The most popular way to read War & Peace is as a representation of Russian society in the early 19th century. Tolstoy's heavy incorporation of real historical events and figures make his work a great insight to the way Russians thought about their own country and culture at the time. There are a lot of posts being made comparing the times of war and peace, and the differences between them. I believe that through a historical lens, the sections of War offer the most truthful insight to what Russian culture was really like in the 19th century. Tolstoy was raised in a wealthy aristocratic family, and served in the military like many of the main characters. Just like the wealthy young men serving in the military in War & Peace, it is likely Tolstoy's only interactions with classes of Russians outside aristocrats was in the context of the military. Thus, when Tolstoy wants to represent true Russians, he does it in the only context that he knows them. Although the War scenes are a lot of play-by-play action scenes, scenes such as Andrew riding through the ranks of Russians are a more realistic depiction of Russian culture than parties hosted by Anna Pavlovna.

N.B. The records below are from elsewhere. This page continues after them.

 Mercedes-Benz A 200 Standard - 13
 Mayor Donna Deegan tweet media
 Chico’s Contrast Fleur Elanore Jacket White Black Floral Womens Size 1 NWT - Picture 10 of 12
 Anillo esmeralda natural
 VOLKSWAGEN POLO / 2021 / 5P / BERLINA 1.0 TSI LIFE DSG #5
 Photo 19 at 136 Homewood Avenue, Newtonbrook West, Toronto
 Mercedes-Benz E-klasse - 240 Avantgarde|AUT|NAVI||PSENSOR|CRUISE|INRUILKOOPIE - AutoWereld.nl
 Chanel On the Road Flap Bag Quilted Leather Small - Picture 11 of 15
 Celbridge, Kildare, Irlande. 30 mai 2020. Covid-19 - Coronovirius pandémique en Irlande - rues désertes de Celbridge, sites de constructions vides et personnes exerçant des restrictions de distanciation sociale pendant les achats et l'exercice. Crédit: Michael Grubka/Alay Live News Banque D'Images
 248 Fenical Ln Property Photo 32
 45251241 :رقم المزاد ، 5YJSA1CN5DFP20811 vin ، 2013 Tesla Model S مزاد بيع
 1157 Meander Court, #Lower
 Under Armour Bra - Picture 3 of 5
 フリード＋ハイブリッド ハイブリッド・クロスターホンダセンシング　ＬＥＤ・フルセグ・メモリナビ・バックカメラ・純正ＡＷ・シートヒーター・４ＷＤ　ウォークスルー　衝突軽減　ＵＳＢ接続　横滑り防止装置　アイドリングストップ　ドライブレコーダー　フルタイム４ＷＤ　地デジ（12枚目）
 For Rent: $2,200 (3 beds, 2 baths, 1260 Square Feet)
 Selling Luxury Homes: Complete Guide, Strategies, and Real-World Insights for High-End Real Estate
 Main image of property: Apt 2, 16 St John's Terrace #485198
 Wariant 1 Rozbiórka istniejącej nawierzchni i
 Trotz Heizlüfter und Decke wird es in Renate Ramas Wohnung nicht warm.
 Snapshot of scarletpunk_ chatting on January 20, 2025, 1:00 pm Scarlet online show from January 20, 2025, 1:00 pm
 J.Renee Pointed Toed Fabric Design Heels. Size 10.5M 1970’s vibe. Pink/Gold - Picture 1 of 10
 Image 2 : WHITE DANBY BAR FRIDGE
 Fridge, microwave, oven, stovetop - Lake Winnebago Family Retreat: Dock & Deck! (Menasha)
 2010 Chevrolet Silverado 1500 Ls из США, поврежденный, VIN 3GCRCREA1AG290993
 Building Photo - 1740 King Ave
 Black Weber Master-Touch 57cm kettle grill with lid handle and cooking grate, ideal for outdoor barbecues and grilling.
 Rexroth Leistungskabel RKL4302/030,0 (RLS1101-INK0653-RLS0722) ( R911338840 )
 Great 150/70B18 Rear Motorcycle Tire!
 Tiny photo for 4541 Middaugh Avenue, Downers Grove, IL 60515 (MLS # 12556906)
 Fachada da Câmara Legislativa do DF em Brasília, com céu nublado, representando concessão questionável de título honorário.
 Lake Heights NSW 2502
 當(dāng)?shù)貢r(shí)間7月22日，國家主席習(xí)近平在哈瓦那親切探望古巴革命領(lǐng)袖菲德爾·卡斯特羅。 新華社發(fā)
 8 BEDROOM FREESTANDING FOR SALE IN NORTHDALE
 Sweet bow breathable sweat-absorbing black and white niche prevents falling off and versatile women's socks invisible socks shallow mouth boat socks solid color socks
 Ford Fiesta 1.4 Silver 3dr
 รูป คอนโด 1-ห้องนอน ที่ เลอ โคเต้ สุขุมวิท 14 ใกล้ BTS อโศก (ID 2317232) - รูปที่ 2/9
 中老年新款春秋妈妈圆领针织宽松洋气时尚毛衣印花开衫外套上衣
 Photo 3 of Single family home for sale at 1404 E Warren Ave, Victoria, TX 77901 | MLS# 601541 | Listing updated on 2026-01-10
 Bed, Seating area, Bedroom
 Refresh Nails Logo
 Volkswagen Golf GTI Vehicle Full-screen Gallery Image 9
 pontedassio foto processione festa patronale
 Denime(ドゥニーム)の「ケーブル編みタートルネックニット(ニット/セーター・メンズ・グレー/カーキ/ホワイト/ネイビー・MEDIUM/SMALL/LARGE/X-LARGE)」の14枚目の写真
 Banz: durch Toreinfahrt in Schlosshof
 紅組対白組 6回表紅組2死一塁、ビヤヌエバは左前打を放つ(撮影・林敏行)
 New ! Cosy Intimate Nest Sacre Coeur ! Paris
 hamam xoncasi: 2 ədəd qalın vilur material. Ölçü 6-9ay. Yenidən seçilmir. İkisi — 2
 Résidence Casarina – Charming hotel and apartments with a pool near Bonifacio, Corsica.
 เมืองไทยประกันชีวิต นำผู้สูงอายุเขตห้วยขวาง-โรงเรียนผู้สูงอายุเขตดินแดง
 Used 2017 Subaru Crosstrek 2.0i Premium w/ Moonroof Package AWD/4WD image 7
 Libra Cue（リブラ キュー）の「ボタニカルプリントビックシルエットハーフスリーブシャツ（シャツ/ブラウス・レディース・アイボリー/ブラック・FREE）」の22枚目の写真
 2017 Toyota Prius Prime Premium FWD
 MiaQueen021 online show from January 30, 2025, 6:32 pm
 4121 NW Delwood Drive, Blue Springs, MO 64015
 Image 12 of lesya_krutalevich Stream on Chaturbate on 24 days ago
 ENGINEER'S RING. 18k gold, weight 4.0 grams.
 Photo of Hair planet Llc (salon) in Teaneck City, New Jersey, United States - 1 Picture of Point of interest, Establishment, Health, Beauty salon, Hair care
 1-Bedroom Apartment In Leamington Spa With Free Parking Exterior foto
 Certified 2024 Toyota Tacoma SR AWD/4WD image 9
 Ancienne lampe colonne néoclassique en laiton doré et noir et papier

  1. While I agree with your point, I also think that there isn't much description of peasants anywhere in the novel. Tolstoy only mentions them incidentally in the war sections. I think a better division between the focus of the peace and war sections would be men and women. Women, obviously, aren't part of the army, and they get pushed to the side during those sections. In Moscow and St. Petersburg, women are described more fully, since that is more "their place." I don't think Tolstoy meant to distinguish between rich and poor in the two sections of the novel, but rather women's and men's "place" in society.

  2. I think I can reluctantly agree that Tolstoy mentions the peasants more in War scenes. They are generally either miserably marching, eagerly awaiting battle, or happily drinking, but I'm not sure any of this captures Russian culture. I think, for the most part, War and Peace requires cultural context to understand some motivations, but Russian culture is actually seen somewhat rarely. We learn which countries Russians like, that it is dishonorable to turn someone in for theft, and fairly little else (although it might force us to learn some things, such as about Russian systems of marriage and divorce). That aside, in the war segments Tolstoy clearly compares Russia to other countries more, so I would agree with you there.